A total of 566 patients were randomized to receive either ixekizumab (n=283) or adalimumab (n=283) and followed up for 24 weeks.
The starting dose of ixekizumab was 160 mg at week 0. Pateints with moderate-to-severe plaque psoriasis were treated with ixekizumab Q2W from Weeks 2 to 12, and ixekizumab Q4W thereafter (N=65); participants not meeting criteria for moderate-to-severe plaque psoriasis were treated with ixekizumab Q4W from Week 4 (N=218).
For adalimumab, the starting dose at week 0 was 80 mg in patients with moderate-to-severe plaque psoriasis (N=64), or 40 mg in those not meeting criteria for moderate-to-severe plaque psoriasis (N=219); the maintenance dose was 40 mg every 2 weeks.

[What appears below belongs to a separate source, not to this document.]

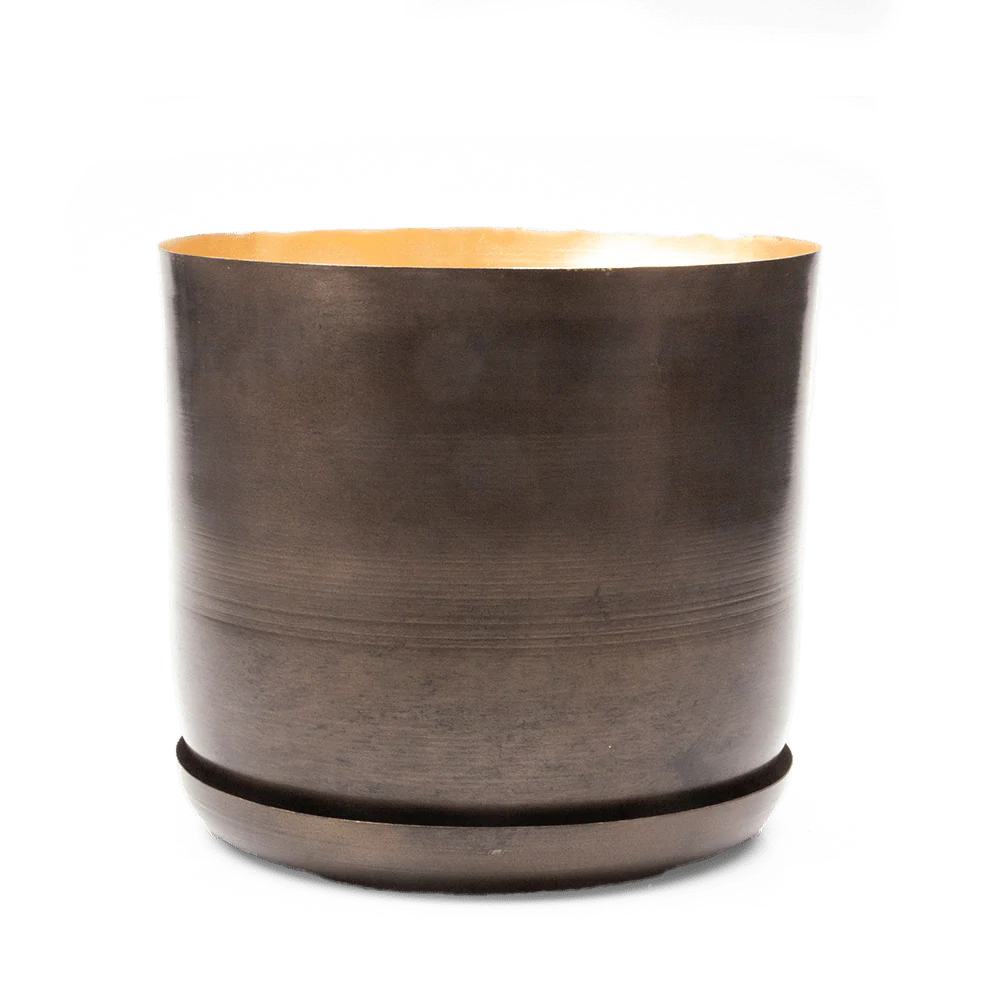 Joe Large Metal Pot With Drainage Hole — Bronzed Brown - Image 2
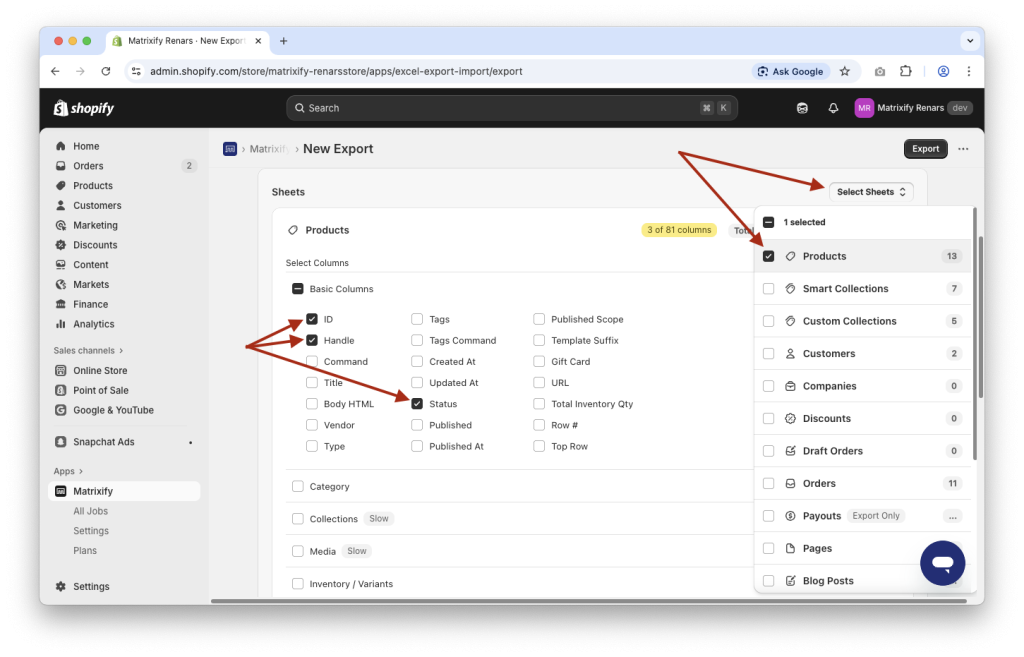 1. Export Shopify Products to Excel XLSX with selected columns using Matrixify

The primary outcome was the percentage of pts meeting ≥50% or ≥70% improvement in each ACR component at Week 24
Main inclusion criteria
PsA lasting for at least 6 months and fulfilling Classification Criteria for Psoriatic Arthritis (CASPAR) criteria.
Active PsA (≥3/68 tender and ≥3/66 swollen joints at screening and baseline).
Active plaque psoriasis (body surface area ≥3% at screening and baseline).
Inadequate response to ≥1 conventional synthetic disease modifying anti-rheumatic drug (csDMARD).
In bDMARD-naïve patients with PsA and active plaque psoriasis, ixekizumab and adalimumab had comparable efficacy at Week 24 across ACR components as determined by the percentage of patients achieving ≥50% or ≥70% improvement in clinical components, and in patient-reported outcomes of the ACR composite measure.
Key messages/Clinical perspectives
This study provides important information with regard to the selection among different biologic DMARDs in active PsA.